Beijing was reacting to a report by the US Treasury on Tuesday, which warned it could be labelled a manipulative trading partner unless it took steps towards scrapping the yuan's decade-old peg against the dollar.

The report triggered Washington to issue its toughest warning yet on China's rigid foreign exchange policy, which US manufacturers say undervalues the yuan by as much as 40% giving Chinese exporters an unfair advantage in world markets.

Chinese Commerce Minister Bo Xilai said Beijing was studying the Treasury's report, but it disagreed with its conclusions.

"I believe they are not reasonable," Bo said on Wednesday.

Bo also cried foul at moves by the United States and Europe to curb China's textile exports.

Washington last week decided to restrict imports of Chinese trousers, shirts and underwear.
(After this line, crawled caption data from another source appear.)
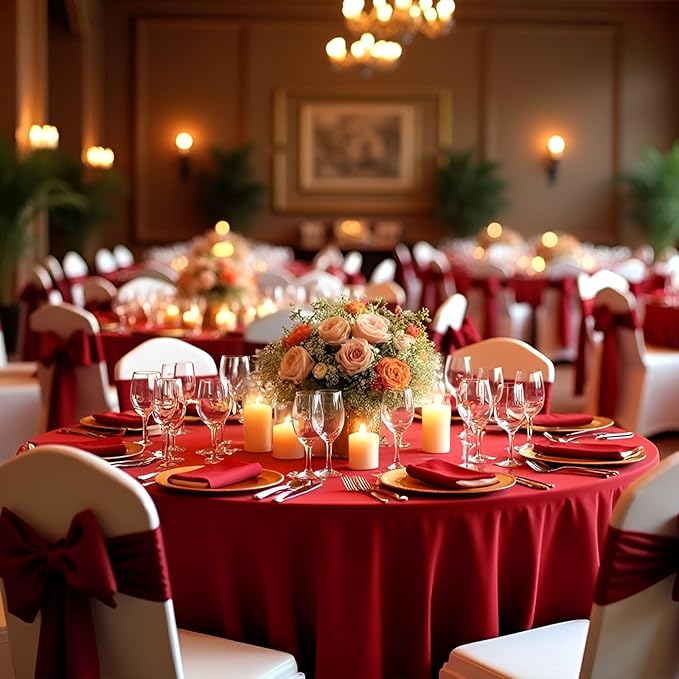 8 Pack Red Round Tablecloth 90 Inch Valentine’s Day Red Table Cloth, Washable Polyester Fabric Stain and Wrinkle Resistant Table Cover for Party Wedding Buffet Dining Banquet Anniversary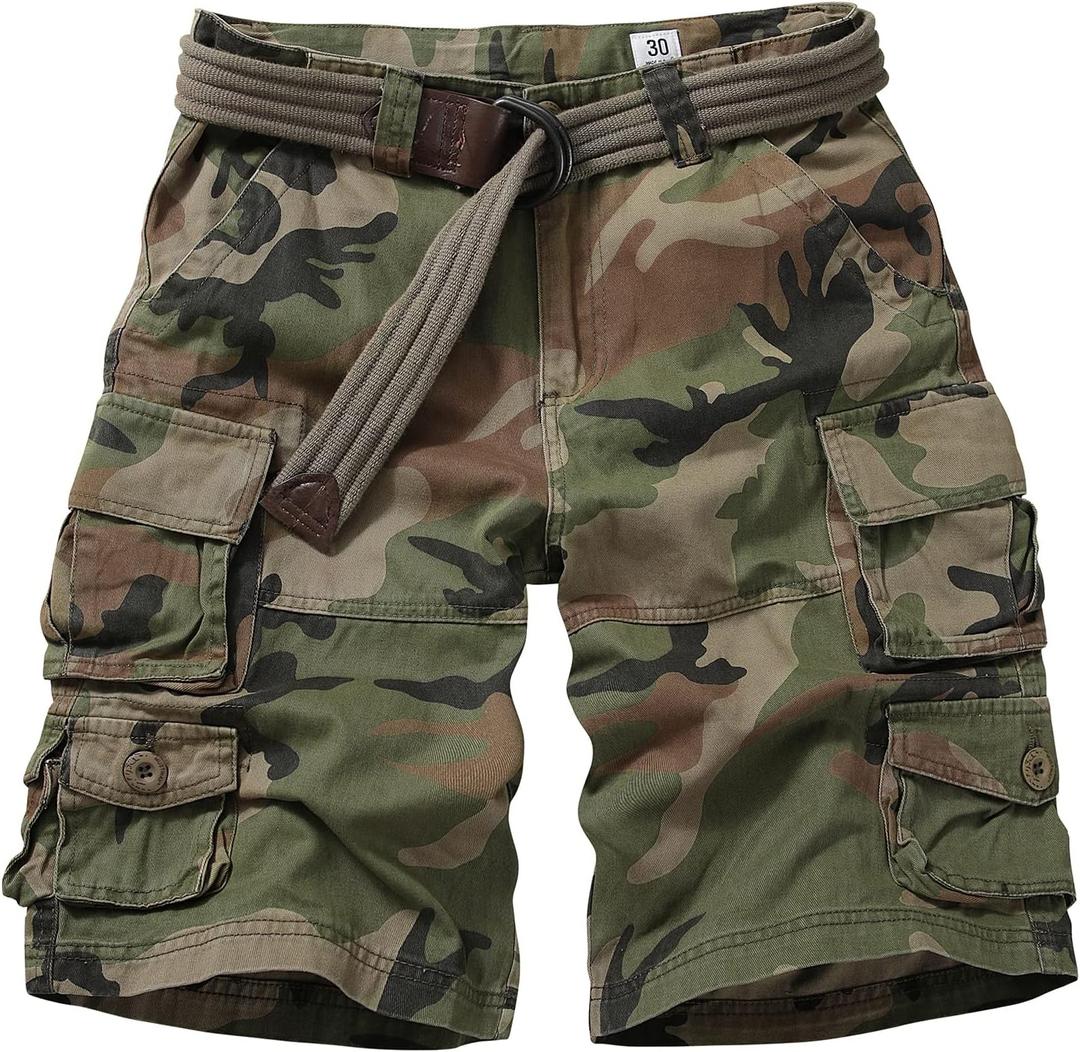 Cargo Short for Men Relaxed Fit Camo Outdoor Hiking Work Cotton Casual Shorts with 9 Pockets No Belt (38)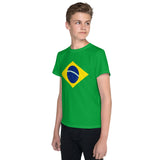 Brazil Flag Youth crew neck t-shirt - Conscious Apparel Store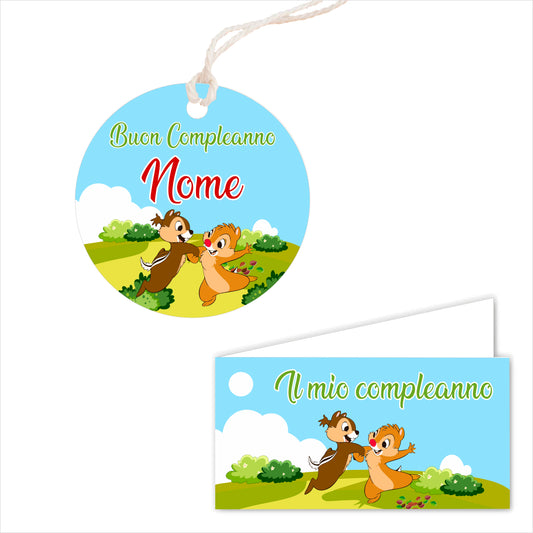 GLOBAL Bigliettini Bomboniera per Compleanno Personalizzato - CIP E CIOP - Bigliettini Bomboniera con piega, Bigliettini Bomboniera tondo, Personalizzati con Nome e Data, MADE IN ITALY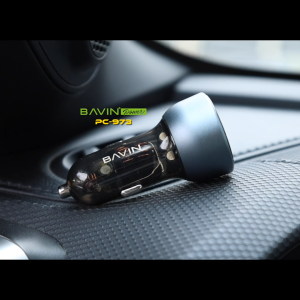 Bavin PC973 30W Car Charger | PD + QC3.0 Fast Charging | Dual Port (Type-C + USB) | LED Display | Aluminum Alloy | Compatible with iPhone & Android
The European Commission stepped up the pressure on Tuesday, seeking emergency talks on T-shirts and flax yarn that could lead to curbs on imports into the EU.

Bo said Washington and Brussels had had 10 years, until the end of 2004, to phase out quotas on developing countries' textile imports.

"Regrettably, developed countries such as Europe and the United States failed to do so," he said. "They kept the vital part of 70 to 90% of quotas until the end of last year, which led to a temporary surge in Chinese textile exports early this year."